## WHAT YOU NEED TO DO
State how many lines in the listing include the word "Retro", and give no other text.

## DATA SUPPLIED

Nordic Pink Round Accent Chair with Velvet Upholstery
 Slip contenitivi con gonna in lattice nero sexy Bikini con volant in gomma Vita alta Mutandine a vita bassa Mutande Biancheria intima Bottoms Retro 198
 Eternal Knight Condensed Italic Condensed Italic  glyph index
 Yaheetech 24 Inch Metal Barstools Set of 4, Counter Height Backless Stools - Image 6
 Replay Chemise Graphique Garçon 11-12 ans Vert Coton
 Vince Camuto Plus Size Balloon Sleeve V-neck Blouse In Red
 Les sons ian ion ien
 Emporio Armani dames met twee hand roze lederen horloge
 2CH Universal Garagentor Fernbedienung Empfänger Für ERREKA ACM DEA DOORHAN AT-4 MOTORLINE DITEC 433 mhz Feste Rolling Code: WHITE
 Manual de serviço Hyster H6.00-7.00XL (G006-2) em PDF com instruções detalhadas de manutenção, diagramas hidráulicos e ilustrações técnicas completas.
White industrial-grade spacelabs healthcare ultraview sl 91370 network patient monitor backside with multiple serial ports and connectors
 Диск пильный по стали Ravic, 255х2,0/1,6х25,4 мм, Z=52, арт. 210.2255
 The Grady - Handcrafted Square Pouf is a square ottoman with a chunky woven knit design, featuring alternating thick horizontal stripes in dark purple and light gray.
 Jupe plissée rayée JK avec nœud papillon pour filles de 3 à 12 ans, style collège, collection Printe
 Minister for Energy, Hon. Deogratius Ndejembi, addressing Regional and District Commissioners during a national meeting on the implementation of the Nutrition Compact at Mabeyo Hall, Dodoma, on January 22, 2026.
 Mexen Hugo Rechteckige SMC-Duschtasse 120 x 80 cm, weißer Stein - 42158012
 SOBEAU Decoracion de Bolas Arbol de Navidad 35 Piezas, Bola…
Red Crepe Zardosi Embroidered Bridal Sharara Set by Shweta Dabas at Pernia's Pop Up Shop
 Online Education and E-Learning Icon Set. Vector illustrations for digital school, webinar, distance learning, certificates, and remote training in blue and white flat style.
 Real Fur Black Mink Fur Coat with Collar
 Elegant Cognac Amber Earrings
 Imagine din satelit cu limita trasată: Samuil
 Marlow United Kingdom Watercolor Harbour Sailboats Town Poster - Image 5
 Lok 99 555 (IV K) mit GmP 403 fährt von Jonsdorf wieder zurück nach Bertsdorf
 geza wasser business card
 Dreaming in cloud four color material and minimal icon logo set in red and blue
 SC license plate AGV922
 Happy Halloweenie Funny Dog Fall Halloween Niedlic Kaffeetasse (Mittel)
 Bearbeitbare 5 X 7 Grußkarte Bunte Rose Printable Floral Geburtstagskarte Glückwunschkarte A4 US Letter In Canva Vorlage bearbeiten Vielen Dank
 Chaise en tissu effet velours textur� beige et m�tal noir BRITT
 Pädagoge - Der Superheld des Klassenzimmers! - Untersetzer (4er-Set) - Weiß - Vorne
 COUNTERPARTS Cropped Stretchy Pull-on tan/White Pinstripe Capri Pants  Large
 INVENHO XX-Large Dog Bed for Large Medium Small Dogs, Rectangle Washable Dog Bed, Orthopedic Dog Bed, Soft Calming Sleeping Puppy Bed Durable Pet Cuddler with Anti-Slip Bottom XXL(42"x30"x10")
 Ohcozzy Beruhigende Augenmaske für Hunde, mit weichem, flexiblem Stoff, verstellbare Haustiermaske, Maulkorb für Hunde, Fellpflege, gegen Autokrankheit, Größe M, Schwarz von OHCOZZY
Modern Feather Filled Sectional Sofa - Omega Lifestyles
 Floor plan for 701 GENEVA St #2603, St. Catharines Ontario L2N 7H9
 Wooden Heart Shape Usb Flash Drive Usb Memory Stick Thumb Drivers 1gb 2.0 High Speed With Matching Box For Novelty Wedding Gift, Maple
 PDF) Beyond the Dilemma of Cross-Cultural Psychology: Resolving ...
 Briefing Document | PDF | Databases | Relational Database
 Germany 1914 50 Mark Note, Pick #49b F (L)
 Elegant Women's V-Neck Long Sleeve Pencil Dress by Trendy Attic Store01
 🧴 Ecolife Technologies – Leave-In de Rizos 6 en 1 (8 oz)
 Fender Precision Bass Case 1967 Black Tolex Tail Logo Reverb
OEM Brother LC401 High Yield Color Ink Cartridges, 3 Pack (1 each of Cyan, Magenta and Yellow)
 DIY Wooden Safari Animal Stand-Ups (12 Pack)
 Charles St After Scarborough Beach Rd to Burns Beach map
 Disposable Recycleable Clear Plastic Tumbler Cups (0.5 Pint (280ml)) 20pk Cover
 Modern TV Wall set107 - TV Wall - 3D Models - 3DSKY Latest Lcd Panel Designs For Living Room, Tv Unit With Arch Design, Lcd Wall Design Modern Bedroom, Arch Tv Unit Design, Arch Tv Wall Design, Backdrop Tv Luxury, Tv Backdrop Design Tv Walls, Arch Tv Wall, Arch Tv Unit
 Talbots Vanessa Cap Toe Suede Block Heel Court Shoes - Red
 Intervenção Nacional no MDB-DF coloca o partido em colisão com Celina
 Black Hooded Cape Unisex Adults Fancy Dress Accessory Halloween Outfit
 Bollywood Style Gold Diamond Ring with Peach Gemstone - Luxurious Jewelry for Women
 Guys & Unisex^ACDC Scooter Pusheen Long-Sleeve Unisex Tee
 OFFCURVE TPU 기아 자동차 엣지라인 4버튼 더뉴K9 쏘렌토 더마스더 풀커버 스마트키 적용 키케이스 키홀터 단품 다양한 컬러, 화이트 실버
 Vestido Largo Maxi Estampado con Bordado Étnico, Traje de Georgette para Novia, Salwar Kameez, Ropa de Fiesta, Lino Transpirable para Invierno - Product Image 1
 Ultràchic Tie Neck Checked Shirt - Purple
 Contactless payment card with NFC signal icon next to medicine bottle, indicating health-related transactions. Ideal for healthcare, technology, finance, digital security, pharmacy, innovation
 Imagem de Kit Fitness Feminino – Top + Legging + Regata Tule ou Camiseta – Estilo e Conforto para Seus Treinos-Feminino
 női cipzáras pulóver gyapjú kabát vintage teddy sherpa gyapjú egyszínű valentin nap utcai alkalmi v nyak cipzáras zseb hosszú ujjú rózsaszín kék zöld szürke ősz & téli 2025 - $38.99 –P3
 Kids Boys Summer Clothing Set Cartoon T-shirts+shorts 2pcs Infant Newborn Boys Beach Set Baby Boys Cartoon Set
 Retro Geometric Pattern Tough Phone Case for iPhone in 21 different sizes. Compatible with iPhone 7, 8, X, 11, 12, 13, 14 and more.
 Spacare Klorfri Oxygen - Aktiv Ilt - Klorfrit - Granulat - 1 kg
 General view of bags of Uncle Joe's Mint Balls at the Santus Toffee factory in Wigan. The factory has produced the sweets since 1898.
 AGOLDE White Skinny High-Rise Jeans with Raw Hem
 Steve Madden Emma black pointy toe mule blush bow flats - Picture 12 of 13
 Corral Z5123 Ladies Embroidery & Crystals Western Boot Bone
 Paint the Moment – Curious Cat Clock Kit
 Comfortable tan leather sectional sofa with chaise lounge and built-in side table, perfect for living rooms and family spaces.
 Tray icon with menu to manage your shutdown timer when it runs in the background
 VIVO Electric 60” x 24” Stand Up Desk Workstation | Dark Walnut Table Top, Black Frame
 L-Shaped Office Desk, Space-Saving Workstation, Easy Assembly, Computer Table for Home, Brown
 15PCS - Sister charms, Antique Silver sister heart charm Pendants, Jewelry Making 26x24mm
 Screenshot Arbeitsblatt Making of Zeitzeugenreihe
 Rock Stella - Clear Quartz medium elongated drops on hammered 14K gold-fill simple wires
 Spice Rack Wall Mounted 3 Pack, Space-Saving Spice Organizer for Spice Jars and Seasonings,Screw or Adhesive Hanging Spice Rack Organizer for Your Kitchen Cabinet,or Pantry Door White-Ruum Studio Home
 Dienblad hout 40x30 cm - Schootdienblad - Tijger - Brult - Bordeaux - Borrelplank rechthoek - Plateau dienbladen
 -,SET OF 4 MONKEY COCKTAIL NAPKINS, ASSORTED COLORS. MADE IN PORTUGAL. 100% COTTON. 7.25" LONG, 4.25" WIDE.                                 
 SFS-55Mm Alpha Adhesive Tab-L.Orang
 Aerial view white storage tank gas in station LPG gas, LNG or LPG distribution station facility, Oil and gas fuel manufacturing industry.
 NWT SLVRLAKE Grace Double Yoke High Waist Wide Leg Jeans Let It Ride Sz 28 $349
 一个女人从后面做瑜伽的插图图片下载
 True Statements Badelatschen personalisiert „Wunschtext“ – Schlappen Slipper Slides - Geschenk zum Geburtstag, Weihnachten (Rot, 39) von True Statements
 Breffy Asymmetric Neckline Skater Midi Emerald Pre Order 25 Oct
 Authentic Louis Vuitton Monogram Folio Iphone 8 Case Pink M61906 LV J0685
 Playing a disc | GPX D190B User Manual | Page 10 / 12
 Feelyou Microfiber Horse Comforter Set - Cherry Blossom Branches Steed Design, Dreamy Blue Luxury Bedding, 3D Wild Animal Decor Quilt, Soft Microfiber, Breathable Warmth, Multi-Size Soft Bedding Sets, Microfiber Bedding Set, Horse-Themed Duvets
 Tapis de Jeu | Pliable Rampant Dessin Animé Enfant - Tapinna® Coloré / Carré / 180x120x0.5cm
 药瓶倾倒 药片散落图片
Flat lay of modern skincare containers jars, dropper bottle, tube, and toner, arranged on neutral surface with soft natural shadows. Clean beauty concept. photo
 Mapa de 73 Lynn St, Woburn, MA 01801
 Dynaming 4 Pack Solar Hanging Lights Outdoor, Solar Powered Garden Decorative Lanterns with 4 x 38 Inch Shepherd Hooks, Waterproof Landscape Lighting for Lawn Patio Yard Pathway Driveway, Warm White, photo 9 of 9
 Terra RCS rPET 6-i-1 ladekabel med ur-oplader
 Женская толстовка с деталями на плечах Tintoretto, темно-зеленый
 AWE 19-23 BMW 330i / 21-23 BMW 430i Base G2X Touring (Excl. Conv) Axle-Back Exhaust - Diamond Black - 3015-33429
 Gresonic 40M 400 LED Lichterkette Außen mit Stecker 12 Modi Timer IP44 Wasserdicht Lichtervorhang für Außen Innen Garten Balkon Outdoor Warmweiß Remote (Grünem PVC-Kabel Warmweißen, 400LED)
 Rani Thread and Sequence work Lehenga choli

## RESPONSE AREA
2